In conclusion, CHIEF is a foundation model useful for a wide range of pathology evaluation tasks across several cancer types. We have demonstrated the generalizability of this foundation model across several clinical applications using samples collected from 24 hospitals and patient cohorts worldwide. CHIEF required minimal image annotations and extracted detailed quantitative features from WSIs, which enabled systematic analyses of the relationships among morphological patterns, molecular aberrations and important clinical outcomes. Accurate, robust and rapid pathology sample assessment provided by CHIEF will contribute to the development of personalized cancer management.

Methods

Datasets for CHIEF pretraining

The CHIEF model was pretrained using 60,530 WSIs from 14 study cohorts, including eight large study consortia (TCGA47, Genotype-Tissue Expression (GTEx)48, PAIP, Prostate Cancer Grade Assessment (PANDA)49, Basal Cell Carcinomas (BCC)50, Early Breast Cancer Core-Needle Biopsy WSI (BCNB)51, Automatic Registration of Breast Cancer Tissue (ACROBAT)52 and Treatment Effectiveness to Ovarian Cancer (TOC)53) and six institutional cohorts (Yuhuangding Hospital (YH)-Breast, YH-Eso, YH-Colon, YH-Sto, YH-Cervix and YH-Endo) from YH, Yantai, China.

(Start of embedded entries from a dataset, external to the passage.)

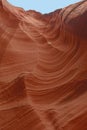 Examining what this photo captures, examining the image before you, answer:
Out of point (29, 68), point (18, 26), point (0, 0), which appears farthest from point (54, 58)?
point (0, 0)

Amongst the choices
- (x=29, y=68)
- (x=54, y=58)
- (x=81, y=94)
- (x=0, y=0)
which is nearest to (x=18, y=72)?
(x=29, y=68)

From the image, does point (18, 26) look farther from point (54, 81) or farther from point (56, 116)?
point (56, 116)

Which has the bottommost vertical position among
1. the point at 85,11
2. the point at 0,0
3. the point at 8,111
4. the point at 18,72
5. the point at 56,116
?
the point at 56,116

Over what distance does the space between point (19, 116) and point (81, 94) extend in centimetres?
74

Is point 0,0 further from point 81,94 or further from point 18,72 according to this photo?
point 81,94

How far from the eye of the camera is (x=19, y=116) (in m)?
5.01

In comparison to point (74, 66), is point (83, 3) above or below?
above

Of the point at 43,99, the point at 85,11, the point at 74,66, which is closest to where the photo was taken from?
the point at 43,99

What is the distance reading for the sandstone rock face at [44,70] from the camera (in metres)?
4.91

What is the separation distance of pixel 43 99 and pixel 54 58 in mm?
940

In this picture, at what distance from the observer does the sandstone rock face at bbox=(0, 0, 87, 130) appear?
16.1 ft

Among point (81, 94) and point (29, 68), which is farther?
point (29, 68)

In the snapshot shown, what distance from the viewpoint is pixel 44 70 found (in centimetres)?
583

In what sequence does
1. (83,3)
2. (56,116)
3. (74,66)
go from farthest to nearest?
(83,3) < (74,66) < (56,116) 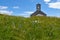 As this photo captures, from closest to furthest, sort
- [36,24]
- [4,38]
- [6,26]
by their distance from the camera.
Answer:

The training datasets included cancers from 19 anatomic sites, including brain, breast, bladder, kidney, prostate, testis, lung, pancreas, liver, skin, ovary, cervix, uterus, colon, oesophagus, stomach, thyroid, adrenal gland and soft tissues. We obtained formalin-fixed paraffin-embedded haematoxylin and eosin (H&E)-stained tissues from these patient cohorts. Figure 1b summarizes the breakdowns of the slide counts across these cohorts. Below we describe these cohorts in detail.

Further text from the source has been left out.